# [What you will do]
Below are some records. Write out the line that contains "Smartphone Laying on" and all lines after it, exactly, but not the pictures.

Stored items
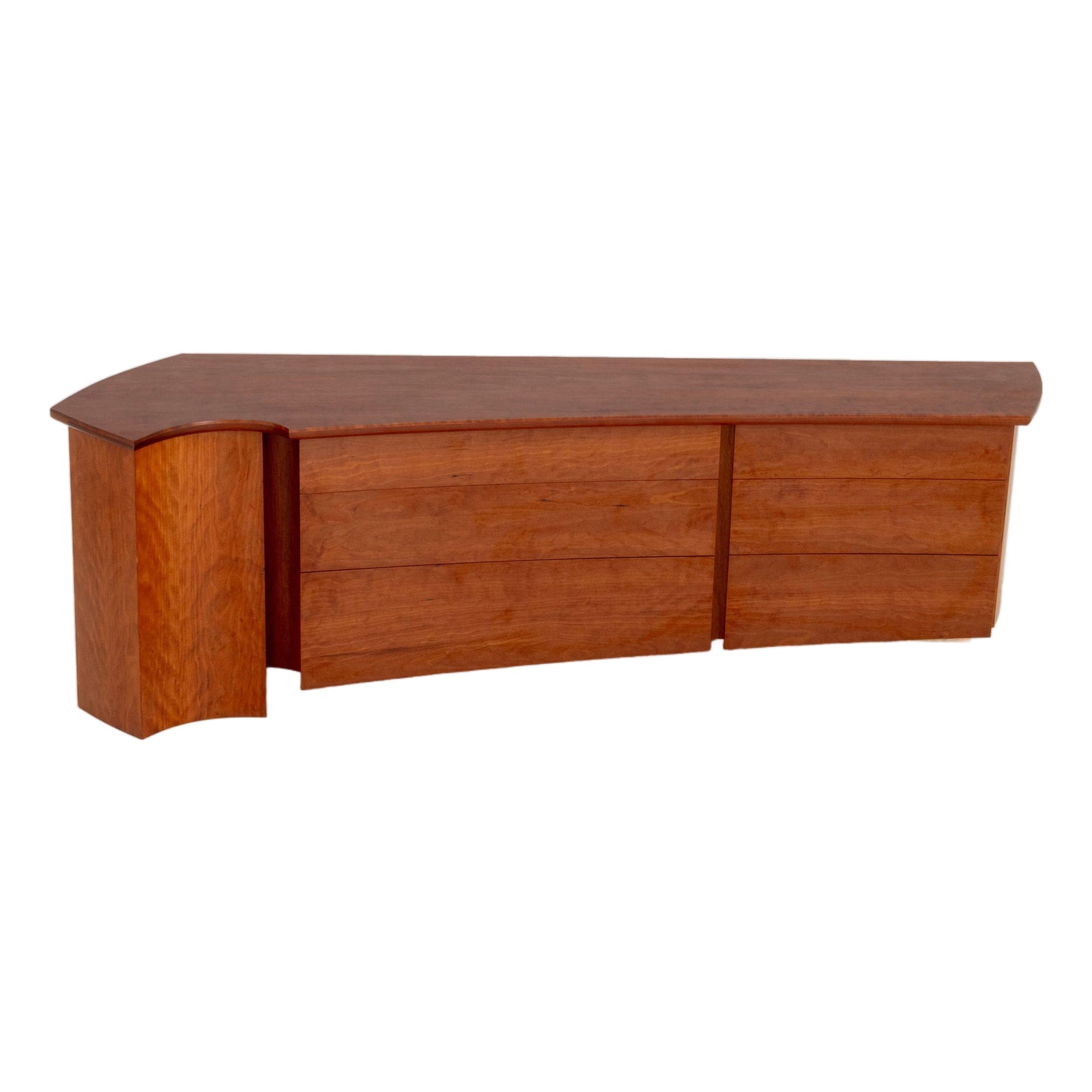 James Schriber Attributed Floating Wall-Mounted Fruitwood Console ...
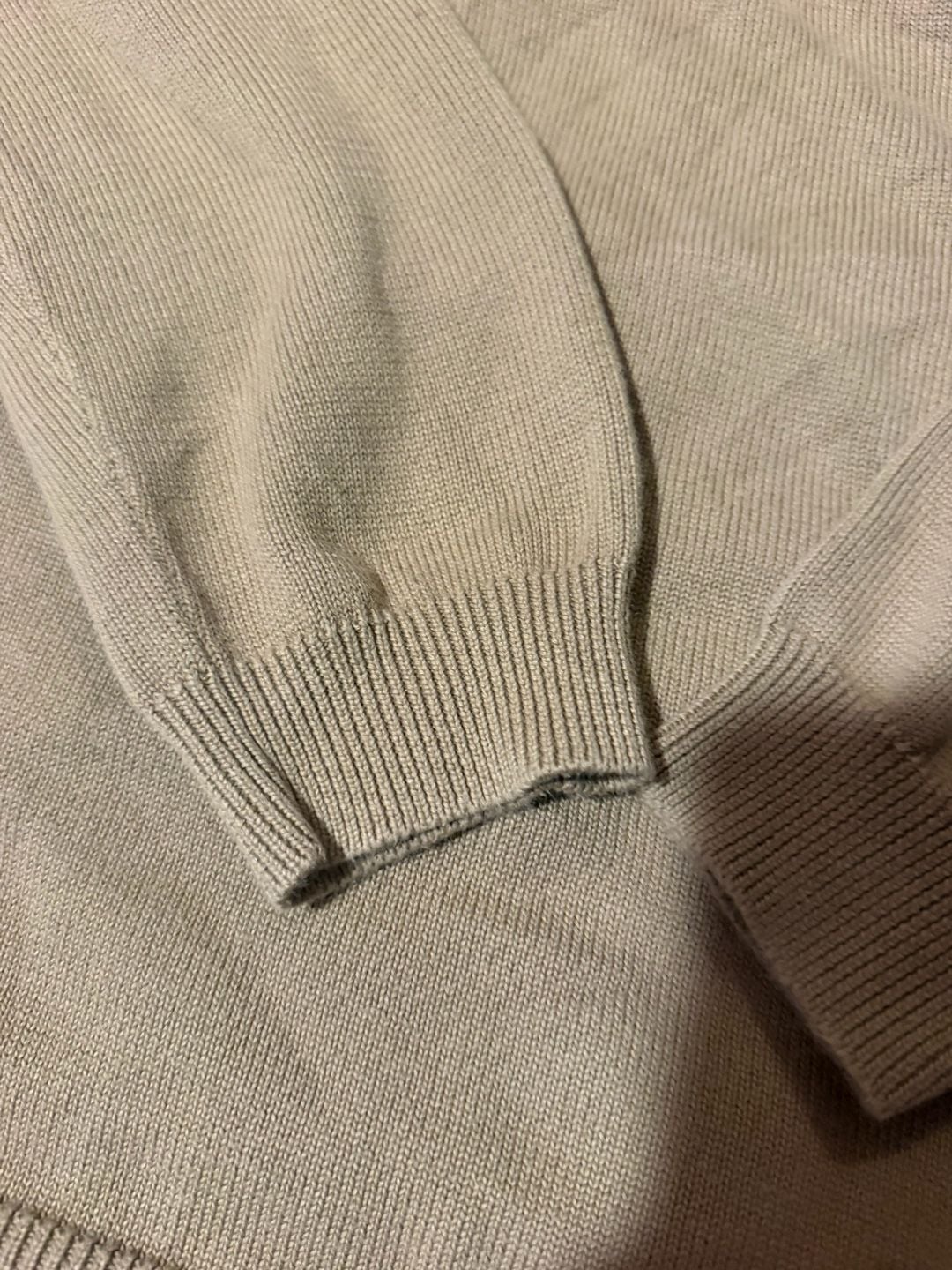Eddie Bauer V-Neck Sweater Size M Tan Pima Cotton 4
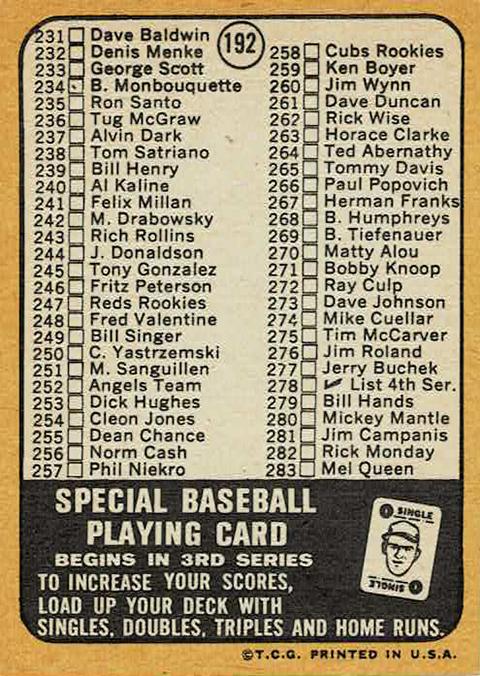 3rd Series Checklist 197-283  baseball card collectible - Main Image 2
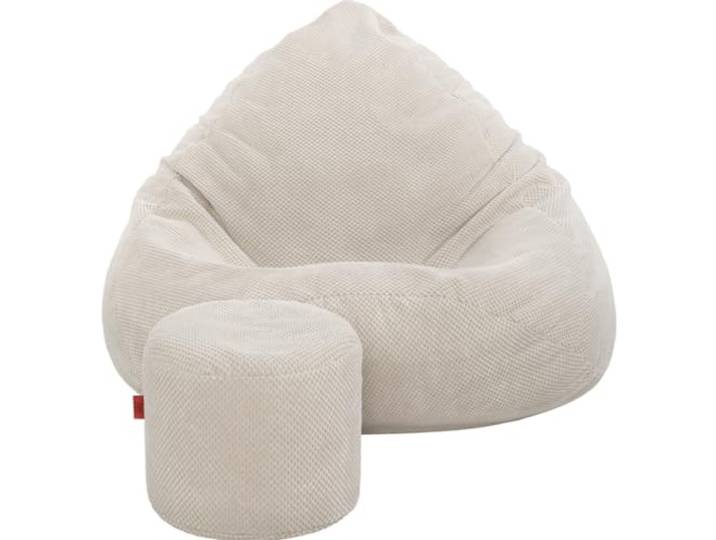 Slevobox Sitzsack mit Hocker Beige 80x80x110 cm - Sitzsack Erwachsene mit Füllung - Schlafzimmer und Wohnzimmer Möbel - Samt Indoor Sitzsäcke - Bean Bag - Lounge Sessel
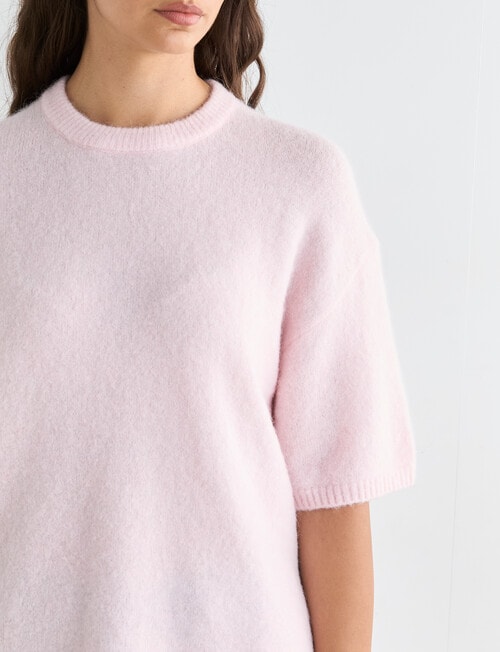 Mineral Boxy Oversized Alpaca Tee, Baby Pink product photo View 04 L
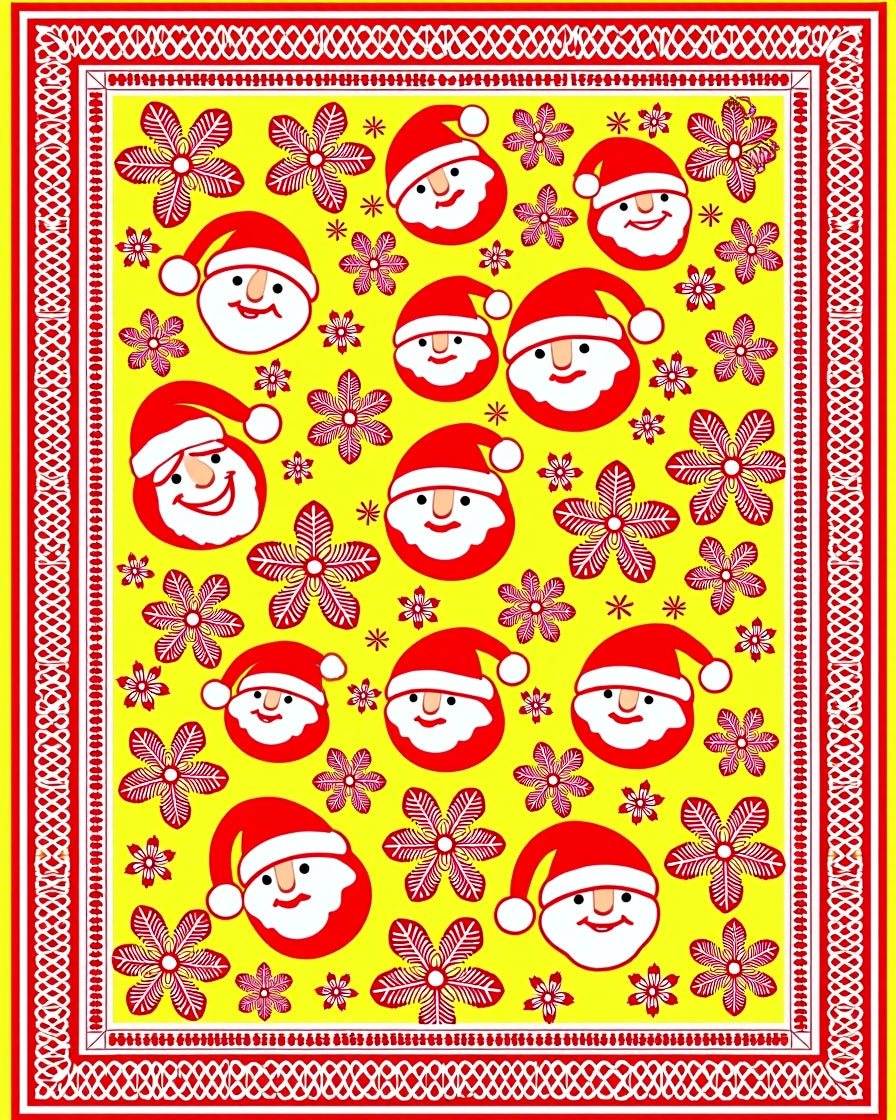 Merry Santa Claus Floral Yellow Rug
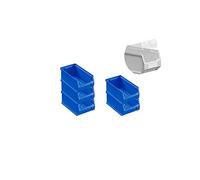 PROREGAL SET SUPER ÉCONOMIQUE 5x Bac à bec bleu 2.0 avec couvercle | HxLxP 7,5x10x17,5cm | 0,8 litres | Boîte de visualisation, boîte d'étagère, boîtes de rangement, empilables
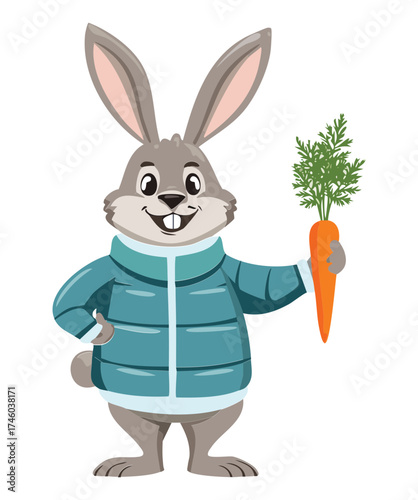 Cheerful Gray Bunny Animal Illustration in a Warm Puffer Jacket Holding a Fresh Carrot, Ideal for Winter and Healthy Eating Themes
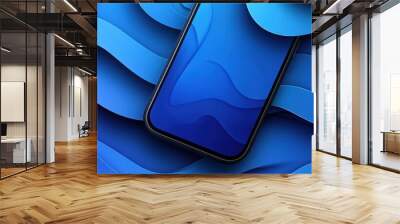 Smartphone Laying on Abstract Blue Wavy Background Wall mural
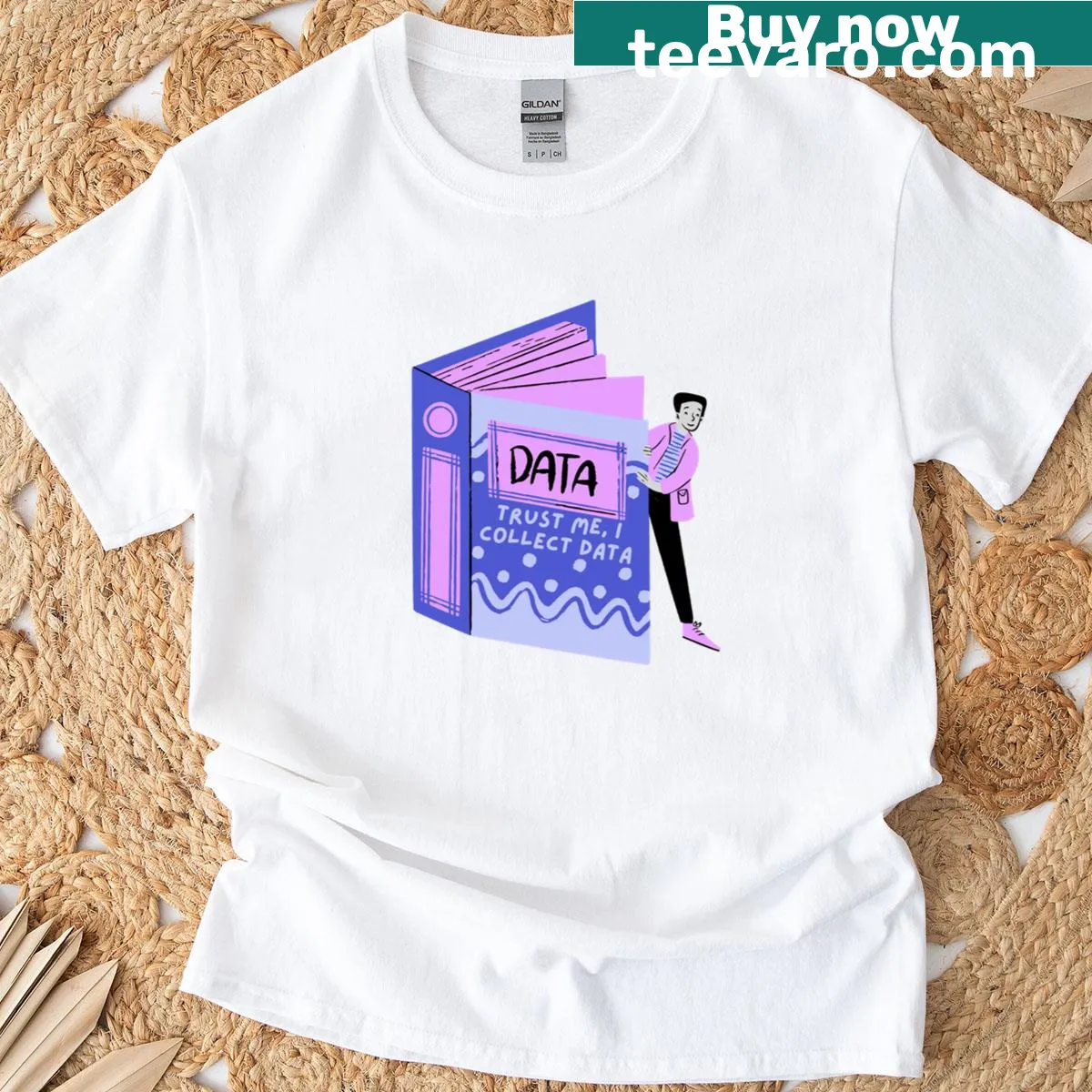 Witty t-shirt declaring love for data collection — on a men's t-shirt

# [Answer to the problem]
 Smartphone Laying on Abstract Blue Wavy Background Wall mural
 Witty t-shirt declaring love for data collection — on a men's t-shirt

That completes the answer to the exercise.